The door eased open. Bibi and Babilon slid in like animals claiming a den. Bibi in a sheer nightie that clung and betrayed everything; Babilon in nothing but boxers. The sight sickened me. Morgan had told them no, told them a thousand times, and they didn’t give a damn.
“Just like that, baby,” Cass purred. She smiled up at Babilon as he crept behind her, mouth finding the hollow of her shoulder. He flipped her onto her back, kisses tracking from collarbone down the ridge between her breasts. It was obscene and clinical.
Cassandra rose from the bed while Babilon continued on Morgan. Bibi planted herself at the foot of the mattress like a guard.
“Make it quick. I don’t want her to suffer.”
The words were casual. The meaning was murder.
Something cold and loud uncoiled inside me. I sprang up before I’d decided what I would do. Action felt better than paralysis.
Bibi climbed onto the bed, settling on Morgan’s other side. “Get up, Morgan,” I begged, leaning over Babilon as he kissed her, trying to shake her free. Cassandra stayed by the door, watching.
“Get up,” I said again. “You need to move. They’re going to?—”
Morgan didn’t move. Her limbs lay heavy, expression blank. The drugs had her in a net; she wasn’t enjoying it, not really. She was drifting somewhere inside herself where my voice could not reach.
How do you wrench someone back from that? How do you pull a ghost from a body that refuses to fight?
Cassandra urged them on, a silk whisper turning into a command. “Do it. Now.”
“Get up.” I roared, voice like a snapped bone. “Get up, or you will die.”
Morgan stirred, slow as drowning, head lifting, eyes fogged, focusing on Babilon with the confusion of someone pulled from sleep. Cassandra barked the order and the twins moved like puppets.
Then Morgan’s hands flared. First a blue, hungry light, then a tongue of heat that licked Bibi’s thigh. She screamed, a raw animal sound, as flesh blistered and smoke curled. Babilon reached to pull her back—and Morgan’s hands found him next. His skin blackened where her palm passed.
Cassandra screamed like a banshee, clawing at the air, begging. I stood nailed to the wall, every sense a stone, watching her chamber become an altar of flame as Morgan lost whatever brittle tether kept her human.
Raymond appeared out of nowhere, syringe glinting. He plunged it into her neck, emptied it in one practiced motion. Morgan collapsed like a puppet with its strings cut, the fire guttering and dying as if exhausted by its own fury.
My mouth tasted ash. What the hell had just happened?
They hauled me forward; hands firm, unyielding. I followed because there was nowhere else to go. They left Morgan slumped on the floor of her chamber. The door closed behind us with a soft, final click, and all I could do was wait, heart pounding, hands empty, while whatever fate they decided for her took shape in the dark beyond that door.
This was it,the cup finally cracking. They said Bibi and Babilon’s deaths would be the hinge.
She woke with her head pounding like someone had hammered at her skull. The drug left a raw, aching hollow behind her eyes. For a long moment she just listened to theroom, fingers pressed to her temple, trying to remember where she was.
Henry came in then, always the theatrical comfort, like a father who only appears when the scene demands it.

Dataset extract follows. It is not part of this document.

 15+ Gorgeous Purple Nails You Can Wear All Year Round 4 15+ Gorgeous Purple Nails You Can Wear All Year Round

He paused, drawing the moment out, but Morgan didn’t care for his drama. She shoved past him and I followed, because wherever she went mattered.
She barreled into Cassandra’s chambers and Cass sprung up from her chair as if the chair itself had stung her. Fear showed on Cass’s face in a clean, delicious line; part of me savored it. A small, ugly smile pulled at my mouth. I wanted to hear how the witch would talk herself out of this.

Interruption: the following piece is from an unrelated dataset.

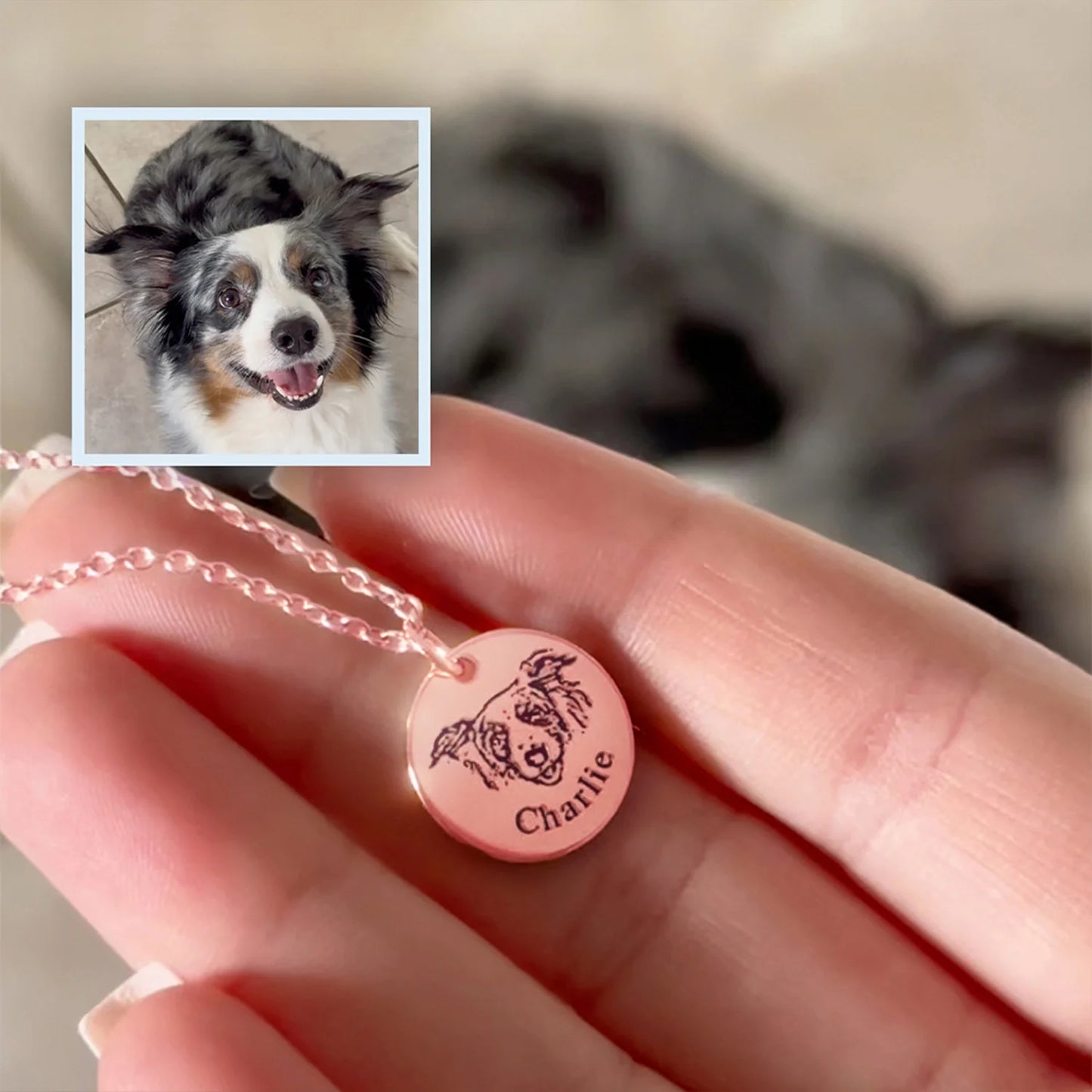 Collier personnalisé avec visage d’animal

“What happened?” Morgan demanded.
“Get out of my room!” Cass snapped, brittle.
“What did you do to me?” Morgan screamed, coming closer until the words burned between them.
Cassandra’s fear flickered and then vanished, replaced by cold fury. “Dotoyou? Do. To. You. This is about what you did to Bibi and Babilon.”
Silence hung. Then Morgan’s face crumpled. Tears — dark and furious, welled and spilled. “No, no, no, no, no.”
“You scorched them without thinking. Bringing them into our bed was stupid, but I expected a tantrum, not annihilation.” Cassandra’s voice was venom and performance all at once. She lied again, but she didn’t need to; the motion of the lie served her.
“No, no, no.” Morgan sank to the floor, hands clawing at her head. “Where are their bodies?”
“Their bodies?” Cassandra’s smile was a blade. “They turned to dust, Natasha. Like everyone else you burn.”